Clinical Innovation Results in Improved Quality
The Compass Health Network team provided insight into clinical innovations at their program and their shift to a proactive approach to working with vulnerable individuals, families, and their community. In one year, 7,749 clients were seen for same day access instead of being placed on wait lists. Metabolic screenings increased from 12% to 94%. Through the Zero Suicide initiative, suicides decreased from 16 in 2018 to 2, halfway through FY2019.
Partnerships are a Key Strategy
Building strong relationships with law enforcement, court systems, primary care providers, schools, and colleges has bolstered Compass Health Network’s community visibility. Partnering with three large universities continues to prove successful in attracting and retaining doctoral psychology students, first for internships, then for paid positions.
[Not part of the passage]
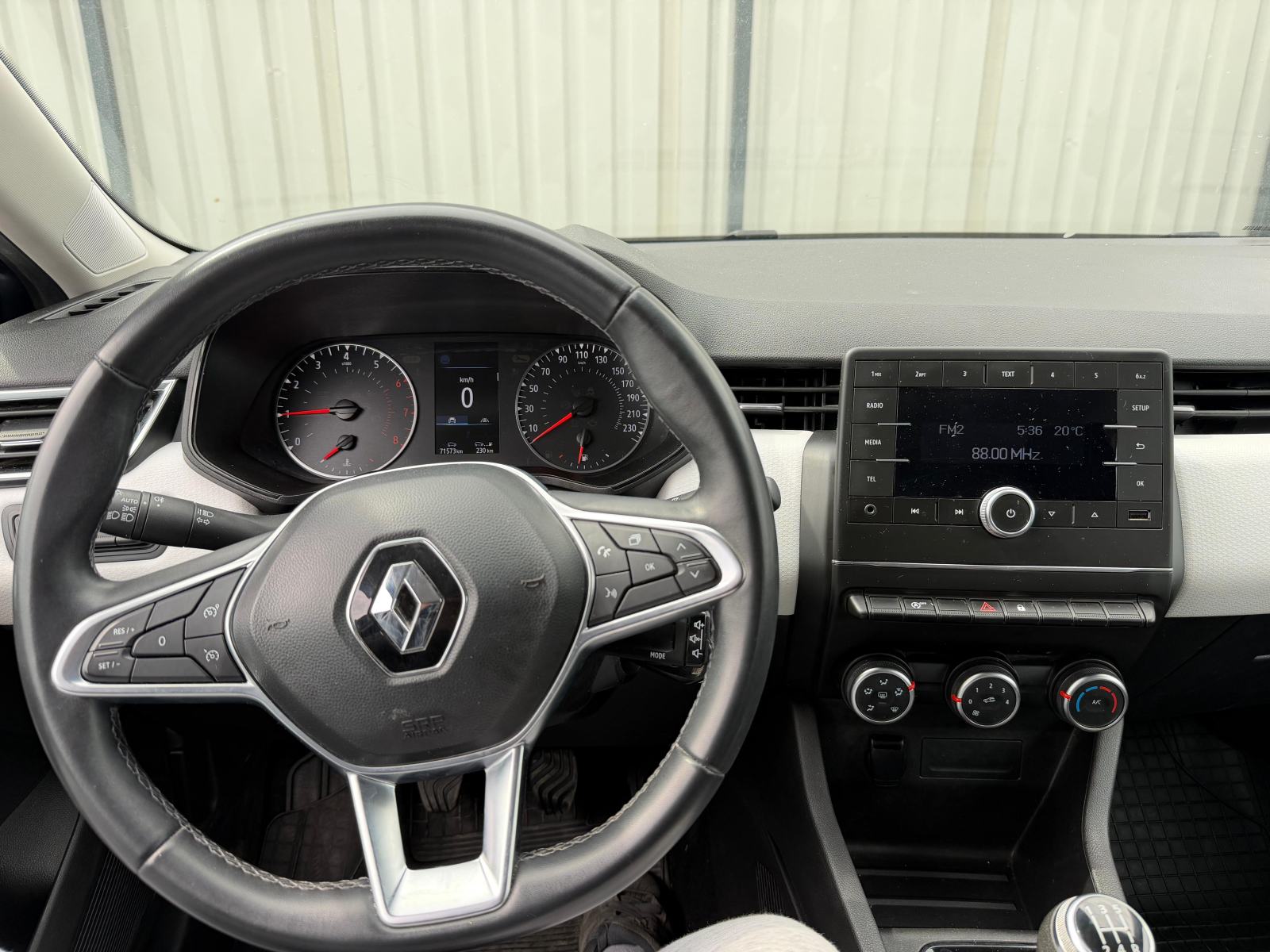 Renault Clio 2022 GOD. TKM HR VOZILO SERVISNA LIMITED OPREMA U PDV-u, fotografija 12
CCBHC Brings Together Value-based Payment and Care
The connection between value-based payment (VBP) and value-based care was demonstrated through a CCBHC lens, as presenters shared examples of VBP for behavioral health and showed how primary care leveraged new payments to build capabilities. For example, in the shift from fee-for-service (FFS) to VBP and the acquisition of greater risk, presenters reviewed common barriers which still persist, including attribution of patients, lack of resources to invest in transformation, data analytics capability at the clinic level, lack of transparency between payers and providers, and underdeveloped risk adjustment for behavioral health and social determinants of health. Strategies currently being used to fund primary care in pursuit of the Triple Aim have been proposed to produce similar outcomes in the behavioral health space, such as infrastructure grants, evolved payment for reporting data, shared savings, collaborating with IPAs, and participating in ACOs for population-based management.
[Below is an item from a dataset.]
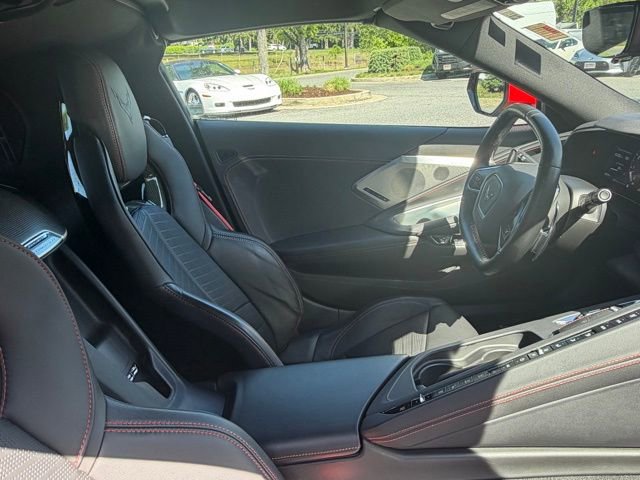 Used 2021 Chevrolet Corvette Stingray Preferred Cpe w/ Z51 Performance Package RWD image 40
“Time to meet and discuss the ‘how’s’ with people who have experience has been the best aspect of this safari visit.”
Participants Benefited from the Safari Experience
Convening evaluations demonstrated enormous appreciation for the opportunity to connect with experts and colleagues. Scores on a 10-question evaluation on usefulness, content value, learnings, and overall satisfaction with the event averaged a 4.5 out of 5.0, with 24 respondents. Feedback on most valuable takeaways centered heavily on the value of the opportunity to be onsite. Other positive input included time for peer-to-peer discussions, advocacy efforts, and a deep dive into state policy landscapes. Topics of interest indicated for future sessions included an emphasis on sustainability planning and deeper exploration of VBP.